Bu imparatorluğu kurmak şimdilerde de hayatta tutmak için direnç
gösteren odakların eli kanlı operasyon timi GLADIO.
İlginçtir, GLADIO’nun yaşam alanı da bu korku imparatorluğuyla
sınırlı. Birini yıksanız öteki de dağılacak.
Kitabınızda, 12 Eylül’e davetiye çıkaran Malatya, Maraş ve
Çorum olaylarına genişçe yer verdiğiniz görülüyor. Bunların
hepsinin kontrollü bir kalkışma olduğu tezini mi
savunuyorsunuz?
Aynen öyle. Bu olaylar dahil 12 Eylül’e gerekçe kabul edilen her
anarşik eylem kontrollü bir planın uygulamalarıydı.
Bakın Malatya olaylarını körükleyen ve kanlı çatışmaya dönüştüren,
ABD’den gönderiline “Barış Gönüllüleri” adı altındaki bir sivil
toplum grubu olmuştur. Bunlar bölgenin etnik ve mezhepsel
haritasını çıkarıp olayların akışını bu temelde provakasyonlarla
şiddete meylettirmiştir.
Bu sadece bir örnek. Diğerlerinde de durum bundan farksızdır.
Burada ülkücüler hedef tahtasına oturtuluyor
ama…
Ben böyle bir ayrıştırma yapmıyorum. O dönem vatan, millet, bayrak
sevgisi ağır basan herkes, ABD tarafından tehdit kabul edilen
komünizme karşı bir çatıdan örgütlendirilmeye çalışılmış. Bu grup,
yine ABD kontrolündeki GLADIO denen derin operasyon birliğinin
deneme tahtasına dönüştürülmüş.
Öyleki; bazı ülkücü liderler bizzat GLADIO elemanı yapılmış.
Böylelikle de hazırlanan provakasyon ve çatışma senaryolarının
hayata geçirilmesinde hiçbir zorlukla karşılaşılmamış.
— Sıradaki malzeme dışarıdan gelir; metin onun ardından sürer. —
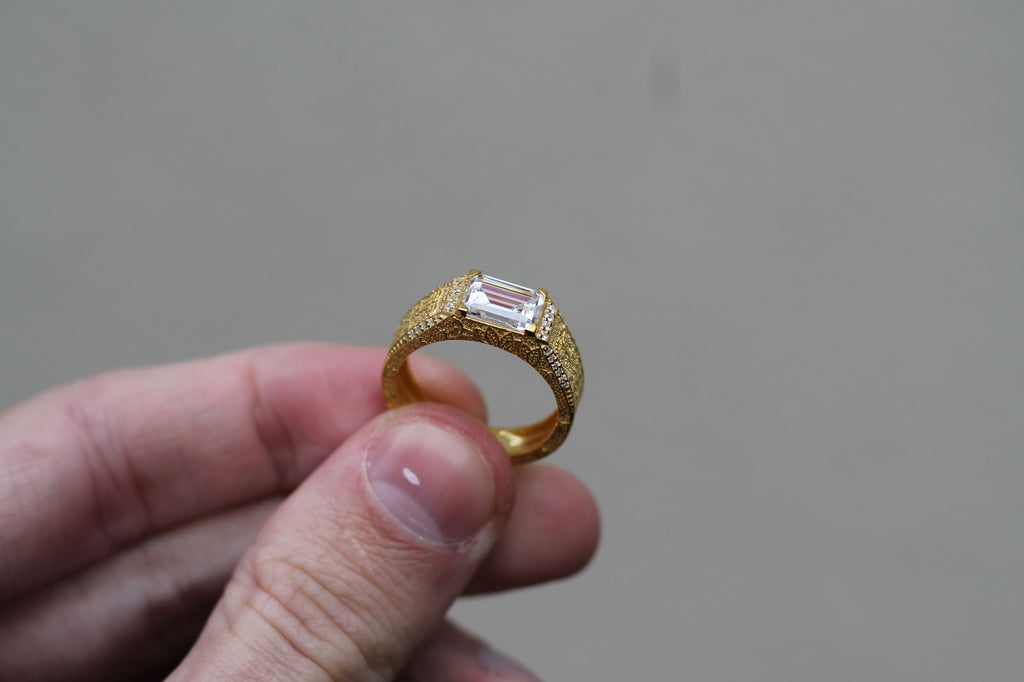 1 Carat Emerald Cut Diamond Statement Ring | 14k Yellow Gold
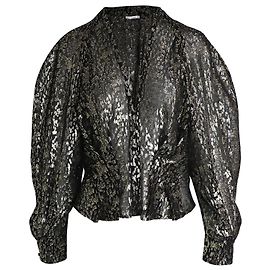 IRO Metallic-Bluse mit Puffärmeln aus schwarzer Seide Schwarz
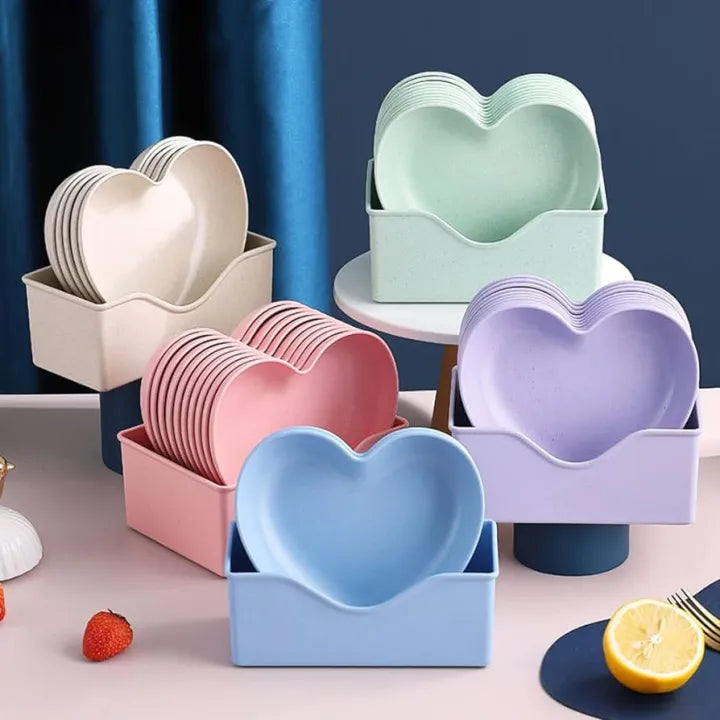 Heart Shape 10 PCs Plate Set With Holder (Randoms Colour)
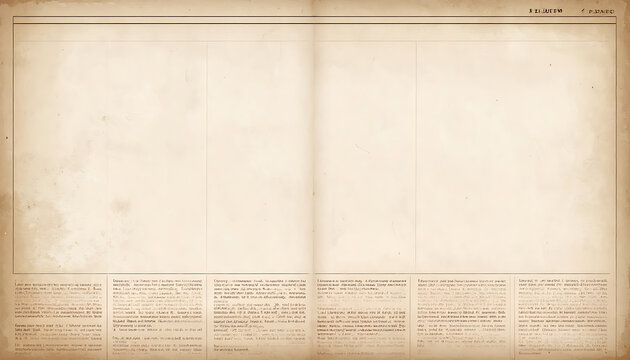 Vintage open book spread with aged yellowed paper texture, blank center space for historical document design and manuscript layout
Ne zaman ki 12 Eylül askeri darbesi hepsini ayırt etmeden aynı
hücrelerde işkence ve zulme tabi tutmuş, o zaman aslında
birbirinden farklı amaçlarının olmadığını anlamış gerçek dava
adamları. Ve içlerinde GLADIO’ya hizmet eden kuklaların gerçek
yüzünü de o zaman görmüş.
Böyle bakınca; bu kitapta ülkücüleri hedef tahtasına oturtmaktan
ziyade, onları, benzeri hazırlanmış bir ihanet senaryosunun
figüranı olmamaları konusunda uyarma çabası var.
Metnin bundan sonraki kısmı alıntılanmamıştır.